I sat in a small red room. It was filled with chairs in three rows, a few people, a podium, and a projector screen set-up. I had brought in a backpack, a mild cynicism at being pushed to attend, a cup of complimentary coffee and pastry that were helping me move past that, and an excitement to learn new things. There seemed to be a subtle segregation between the rows of chairs, of which two were in use, perhaps by pedigree, friendliness or the remains of my cynicism. The people I was already familiar with and with whom I would become familiar sat in the middle row, as did Kevin C. Brown presenter of the fascinating story of the fish that is an environment of inquiry in the Nevada desert all on its own. Kevin had a middle slot in the morning presentation run, and so the lively impression he made upon us before his talk kept contrasting in my mind with an ichthyology presentation I imagined I’d be bored by. The boredom wouldn’t last though, and the Devil’s Hole Pupfish captivated at least the second row.

“Science and Landscapes of Conservation: Ichthyology and the Devil’s Hole Pupfish 1890 – Present” is about survival and extinction, scientific query and land use administration, conservation, history, political geography, and more. The animated presenter tells us a story of federal employees visiting Devil’s Hole during a biological survey, pickling samples of the fish and sending it off to the ichthyology lab at Stanford for taxonomy. The journey of our perception of the Pupfish continues in its classification as a unique species, a victory in Supreme Court to protect it from water use by local ranchers, the investigation of its history within Death Valley, and questions of scientific value. What makes it worth studying? The history of the Pupfish as Kevin presents it mirrors our perception of the pupfish’s identity. It is an endangered individual species in Death Valley, whose survival is as much political as it is ecological. It is at the conjunction of human use and investigation, and it remains somewhat enigmatic. Its population is far below the typical point of no return for a species. I raised my hand to ask about that very point and Kevin answered the assumption I hadn’t realized I’d placed in the question: yes it does challenge our idea of what the minimum viable population number is. Whether or not the Pupfish proves to be an exception to the rule, it provides us the brief to perspective to re-examine older questions, both in population and beyond.

The Pupfish raises a lot of questions: How do we approach research? What perceptions do we make about what is worth studying? What judgments do we make that determine the objects of studies, and the context those objects sit within? How do our history, professional, academic, disciplinary, affect our views on what we are allowed to study and what we are not? What about the object’s history and it has been perceived, judgement, studies, and understood? The fish is in Death Valley, in State Park lands, and below certain thresholds to be considered endangered. It is studied by biologists and ichthyologists, Park Service scientists, with a mind to the concerns of the species first and its habitat second. Death Valley is a scientific environment, and it’s studied as a geological and human use landscape amongst other things. Devil’s Hole however, is not studied in its own right. It is not a scientific landscape, but is only studied in reference to being a part of a Death Valley Aquifer and the habitat of the Pupfish. Thus many barriers to the understanding of the Pupfish present themselves from this bizarrely atomized context.

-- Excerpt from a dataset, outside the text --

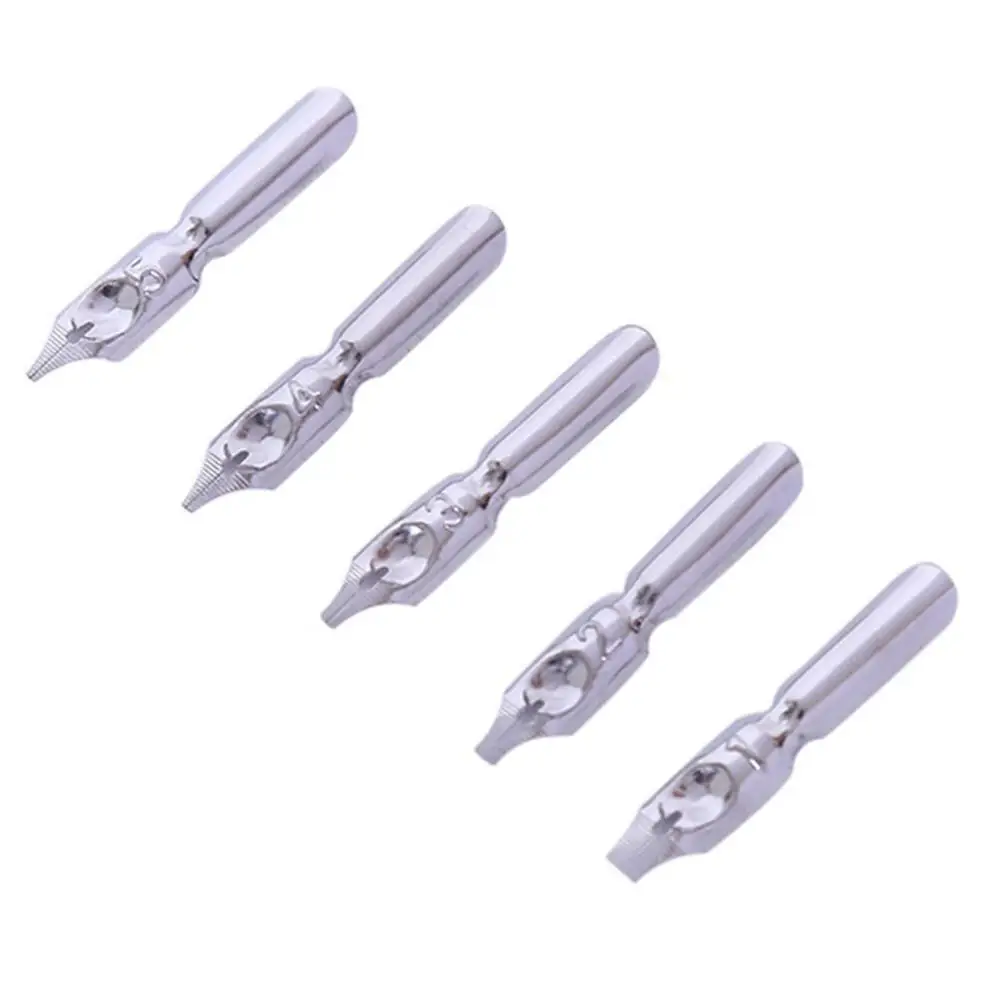 Ретро перьевая чернильная ручка гладкая для письма тонкая перо винтажная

So my takeaway from Kevin’s presentation doesn’t have much to do with a Pupfish, but like I didn’t expect the Pupfish talk to be interesting, I also didn’t expect it to make me wax in front of a keyboard about perspective and opportunity. But I don’t think it’s that often that we get the chance to observe an absence of something in our field of study, so I want to indulge myself. The observation of this hole in the field of study is an opportunity to re-evaluate what it is we allow ourselves to study and what we do not, as well as to examine whatever barriers other than ourselves might enforce those standards. So I’d like to thank Kevin and the Pupfish for livening up their spaces and mine.